[RFC] High level Vision for Shard Management

himshikha commented 1 year ago

Problem Statement

Shard management in OpenSearch is currently sub-optimal in terms of allocation and overall shard count/size handling. Shard allocation and rebalancing currently tries to balance the number of shards on each node (in addition to other deciders), but does not take into account shard sizes, hot shards and node performance metrics like disk and CPU usage. This often leads to shard skew, some nodes getting overloaded with large shards or with high request rate.

Shard sizing and replica count is also an issue where users often exceed the optimal shard size/count limits, which impacts cluster performance and makes cluster updates slow. Not having enough replicas can impact search performance for high workloads.

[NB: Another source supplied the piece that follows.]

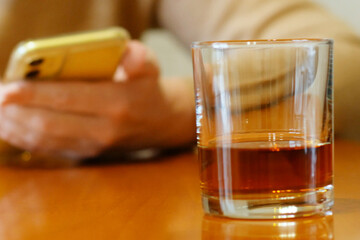 whiskey glass standing on a table on background of hand with mobile phone, hand alcohol order online concept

Additionally, since all allocation logic resides in core right now, it makes it difficult for new folks to understand where to begin and contribute for a particular logical piece. The logic is also getting tangled up with cluster manager code making it difficult to work with both components and creating unnecessary dependencies in the codebase.

Goal

We want to optimize shard placement and rebalancing in order to achieve improved cluster performance. We also propose to time the shard migrations such that it has no or negligible impact to the cluster when it happens. End goal is for OpenSearch to have capabilities to auto manage most aspects of shard management, while providing pluggable solutions which users can customize to their requirements. We want to have better shard allocation which takes into account performance metrics at node, shard and index level, and provides most optimal allocation for each shard. This would solve shard skew and hot nodes/hot shards related issues and improve cluster performance. For shard sizes, we can provide pluggable solutions where users doesn’t have to care about these aspects and OpenSearch can auto manage shard sizes and replicas. We can provide adaptable solutions for faster shard relocations/recoveries which will help with cluster updates and shard rebalances.

Proposal

We are proposing to have pluggable components for overall Shard Management in OpenSearch. There can be multiple components based on how much we want to break it down. We will extract out Shard allocation logic (deciders, balancers) into a separate component, making it easier to extend and add new allocation deciders based on requirement. Deciders can be further broken down based on resources they take decisions on.

Allocation logic will be improved by adding new deciders which use shard/node heat, shard sizes, disk throughput, CPU and other metrics to give optimal allocation decision. New metrics can be onboarded to existing MetricsCollector to accomplish this as required.

Having these components out of core and as separate components also contribute to efforts to modularize the existing components in OpenSearch. This will help in maintaining the shard allocation logic and allow easy onboarding and contributions from developers, with limited feature scope.

ShardManager

This component will be responsible for overall management of shards, including shard allocation and rebalancing decisions. It will host the allocation deciders and balancers as a separate component (these can be removed from core post this change). Allocation will be enhanced to add new deciders, which use different resource utilization metrics as decision criteria and give an optimal allocation. Users can add their own deciders as per requirements since this will be a pluggable component.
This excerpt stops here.